Why Paul McCartney would rather look at festive photos featuring your distant family members than pose with you to have one taken!
Just as the year 2020 saw so many greats pass across to the other side, it does leave you to imagine the reaction that will follow when Paul McCartney leaves us. “I tend not to think about death too much,” he says, “but when you get to the age I am you have to accept your mortality; you have to realise it’s a finite thing and the idea you used to have of life that you believed would trip on forever isn’t quite accurate.”
In truth, McCartney’s grasp on the fragility of our existence has always been there; certainly since soulmate John Lennon was snatched away from him – and us – in 1980. The effect it has had on the Liverpudlian songwriter and cultural bastion of the modern generation is certainly to enjoy each day as it comes, but also to go about his business with sensitivity, calm, light-heartedness and humility.
“I don’t take myself seriously and I do have respect for anyone who can tolerate my music,” he laughs. “I think you have to respect the investment that fans and music lovers put into the songs, lyrics and melodies they hear,” he says. “Some artists seem to miss that over time, and I find that very disrespectful. We are all only as good as our fans, and it’s very much a two-way relationship.”
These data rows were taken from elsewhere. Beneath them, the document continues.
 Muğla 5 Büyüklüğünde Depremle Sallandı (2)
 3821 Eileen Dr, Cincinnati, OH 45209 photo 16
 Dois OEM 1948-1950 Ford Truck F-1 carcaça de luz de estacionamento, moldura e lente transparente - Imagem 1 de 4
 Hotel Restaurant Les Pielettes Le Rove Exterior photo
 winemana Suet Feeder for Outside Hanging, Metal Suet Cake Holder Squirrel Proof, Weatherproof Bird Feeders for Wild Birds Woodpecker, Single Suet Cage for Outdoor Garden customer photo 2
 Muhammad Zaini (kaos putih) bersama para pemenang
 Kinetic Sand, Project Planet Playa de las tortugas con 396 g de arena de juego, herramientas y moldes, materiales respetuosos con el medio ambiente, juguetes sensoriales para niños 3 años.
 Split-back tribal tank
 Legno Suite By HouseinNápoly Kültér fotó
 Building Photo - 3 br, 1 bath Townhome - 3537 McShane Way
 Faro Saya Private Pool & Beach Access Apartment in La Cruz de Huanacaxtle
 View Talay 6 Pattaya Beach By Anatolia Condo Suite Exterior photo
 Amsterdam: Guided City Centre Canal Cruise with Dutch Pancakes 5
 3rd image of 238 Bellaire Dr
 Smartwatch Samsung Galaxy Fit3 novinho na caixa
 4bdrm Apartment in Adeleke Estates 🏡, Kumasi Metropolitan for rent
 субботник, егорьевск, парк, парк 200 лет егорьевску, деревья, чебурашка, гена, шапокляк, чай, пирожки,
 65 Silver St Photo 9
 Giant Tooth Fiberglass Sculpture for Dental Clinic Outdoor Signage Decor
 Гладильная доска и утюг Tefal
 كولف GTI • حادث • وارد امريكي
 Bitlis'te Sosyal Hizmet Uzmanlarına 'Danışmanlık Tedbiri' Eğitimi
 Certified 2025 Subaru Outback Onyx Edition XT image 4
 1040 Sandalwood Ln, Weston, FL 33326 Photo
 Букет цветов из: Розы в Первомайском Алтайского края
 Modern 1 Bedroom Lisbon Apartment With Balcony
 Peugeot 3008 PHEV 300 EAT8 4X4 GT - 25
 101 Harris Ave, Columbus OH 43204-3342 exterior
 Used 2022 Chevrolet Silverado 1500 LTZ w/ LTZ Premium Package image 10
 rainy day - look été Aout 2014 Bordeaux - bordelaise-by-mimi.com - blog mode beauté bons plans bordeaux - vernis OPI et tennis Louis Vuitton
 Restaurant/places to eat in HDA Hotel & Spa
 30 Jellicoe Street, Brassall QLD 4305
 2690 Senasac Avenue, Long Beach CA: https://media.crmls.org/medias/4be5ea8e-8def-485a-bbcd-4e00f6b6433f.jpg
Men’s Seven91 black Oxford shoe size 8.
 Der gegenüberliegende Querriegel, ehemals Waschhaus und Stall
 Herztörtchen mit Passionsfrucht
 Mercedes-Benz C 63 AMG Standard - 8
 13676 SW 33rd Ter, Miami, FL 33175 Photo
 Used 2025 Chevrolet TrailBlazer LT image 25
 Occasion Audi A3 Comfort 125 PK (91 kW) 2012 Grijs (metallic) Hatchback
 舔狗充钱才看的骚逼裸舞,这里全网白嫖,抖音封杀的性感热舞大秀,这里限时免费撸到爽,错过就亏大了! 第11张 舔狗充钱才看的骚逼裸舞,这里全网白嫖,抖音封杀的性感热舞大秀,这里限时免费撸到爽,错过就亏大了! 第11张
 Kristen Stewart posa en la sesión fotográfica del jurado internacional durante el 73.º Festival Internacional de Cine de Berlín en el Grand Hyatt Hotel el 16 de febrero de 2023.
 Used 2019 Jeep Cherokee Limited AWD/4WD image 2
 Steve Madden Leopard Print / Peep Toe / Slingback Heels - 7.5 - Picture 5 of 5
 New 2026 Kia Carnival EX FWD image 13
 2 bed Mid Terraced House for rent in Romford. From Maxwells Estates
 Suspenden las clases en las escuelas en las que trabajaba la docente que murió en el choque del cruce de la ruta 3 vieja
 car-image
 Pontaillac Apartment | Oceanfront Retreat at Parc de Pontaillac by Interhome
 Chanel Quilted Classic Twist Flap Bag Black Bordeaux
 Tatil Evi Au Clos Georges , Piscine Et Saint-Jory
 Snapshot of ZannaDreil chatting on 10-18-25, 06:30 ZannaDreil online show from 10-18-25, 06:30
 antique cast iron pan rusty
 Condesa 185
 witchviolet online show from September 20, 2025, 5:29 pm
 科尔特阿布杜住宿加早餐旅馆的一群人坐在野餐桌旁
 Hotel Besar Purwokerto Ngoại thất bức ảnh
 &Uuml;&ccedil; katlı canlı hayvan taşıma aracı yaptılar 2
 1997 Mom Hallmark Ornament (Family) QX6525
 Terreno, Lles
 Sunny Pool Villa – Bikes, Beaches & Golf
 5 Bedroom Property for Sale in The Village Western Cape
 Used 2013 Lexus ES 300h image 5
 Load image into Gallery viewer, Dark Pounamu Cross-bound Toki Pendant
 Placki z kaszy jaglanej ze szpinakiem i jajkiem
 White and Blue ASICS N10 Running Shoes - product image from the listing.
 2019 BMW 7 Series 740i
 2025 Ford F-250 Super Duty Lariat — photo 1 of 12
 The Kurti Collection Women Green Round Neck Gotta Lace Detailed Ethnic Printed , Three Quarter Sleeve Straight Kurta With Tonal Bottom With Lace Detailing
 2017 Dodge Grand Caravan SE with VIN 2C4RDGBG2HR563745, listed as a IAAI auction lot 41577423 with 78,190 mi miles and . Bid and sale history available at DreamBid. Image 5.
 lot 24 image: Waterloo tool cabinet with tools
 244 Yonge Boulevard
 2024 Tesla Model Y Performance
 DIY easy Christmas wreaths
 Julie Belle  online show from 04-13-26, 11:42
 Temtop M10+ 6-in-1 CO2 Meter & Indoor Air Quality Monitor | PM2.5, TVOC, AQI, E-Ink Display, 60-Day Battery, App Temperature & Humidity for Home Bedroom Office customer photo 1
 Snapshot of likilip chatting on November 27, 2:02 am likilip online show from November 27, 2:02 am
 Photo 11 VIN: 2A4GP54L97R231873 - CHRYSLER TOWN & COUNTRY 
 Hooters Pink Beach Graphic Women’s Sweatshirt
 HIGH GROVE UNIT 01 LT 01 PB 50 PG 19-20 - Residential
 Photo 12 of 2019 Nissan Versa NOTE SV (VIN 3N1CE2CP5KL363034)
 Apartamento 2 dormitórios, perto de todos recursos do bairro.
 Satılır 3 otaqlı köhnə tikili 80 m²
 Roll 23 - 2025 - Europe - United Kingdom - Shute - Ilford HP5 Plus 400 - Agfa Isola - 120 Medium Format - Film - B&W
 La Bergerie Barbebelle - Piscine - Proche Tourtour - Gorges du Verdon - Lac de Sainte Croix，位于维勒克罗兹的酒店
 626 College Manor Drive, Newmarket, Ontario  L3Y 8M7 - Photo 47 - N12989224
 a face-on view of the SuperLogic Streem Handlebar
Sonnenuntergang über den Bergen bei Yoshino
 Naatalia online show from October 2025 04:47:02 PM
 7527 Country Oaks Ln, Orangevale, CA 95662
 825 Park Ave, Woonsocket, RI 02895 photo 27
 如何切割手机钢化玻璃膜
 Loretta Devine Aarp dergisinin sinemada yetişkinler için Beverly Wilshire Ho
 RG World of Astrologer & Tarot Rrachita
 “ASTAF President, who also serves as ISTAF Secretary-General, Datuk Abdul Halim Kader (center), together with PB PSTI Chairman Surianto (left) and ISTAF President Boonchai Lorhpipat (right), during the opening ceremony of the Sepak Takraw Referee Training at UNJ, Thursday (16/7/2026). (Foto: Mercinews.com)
For that reason, McCartney draws perhaps a lighter line when it comes to engaging with fans. “There are two sides to me,” he says. “There’s the side when I’m hanging out with the kids, then I’m this massive rock star.
“When I’m out for a meal I do get people who come up to me to ask for a photo or an autograph, and after all these years my response is still the same, and that’s to tell them that I’m having an evening with friends and family, and if they want to have a chat and exchange stories then that’s great, but I won’t typically do the photo thing in that situation.”
He continues: “At the end of a photo opportunity you kind of feel a bit empty and like the exchange is for nothing more than a kind of badge when you’ve got what’s usually a pretty ropey photo with a poor backdrop and me looking a bit miserable. Shouldn’t we be more excited about having a conversation? I love to do that and that’s always a better way to meet fans, and for fans a better way to remember me.”
It’s proof, as if it were needed, that Paul McCartney in 2021 is as gentle and open now than at any point in his impossibly decorated past – the awards, the success, the money all pale into the background when speaking to a man entertained not by the trappings, but the sheer art of his craft.
“I still get the same huge thrill out of making music, and I don’t think that will ever leave me. It’s a relief that we might soon get out touring again because, for a while I wondered if it would happen.
“At the heart of it, it doesn’t matter who you are, the simplicity of playing a guitar is one of the most genuine pleasures anyone can have, and I can’t imagine I will at some point not feel like that.”
With over 25 studio albums, 100 singles and a wealth in excess of £1.2bn, it’s not bad for someone who can’t even read music. “I’m not sure how many of those in the charts at the moment can’t read music,” he fires back, with a smile. “You tend to leave that to those who need to know how to do it.
“I do think it’s about time I learned, though I guess I’ve done okay without it!”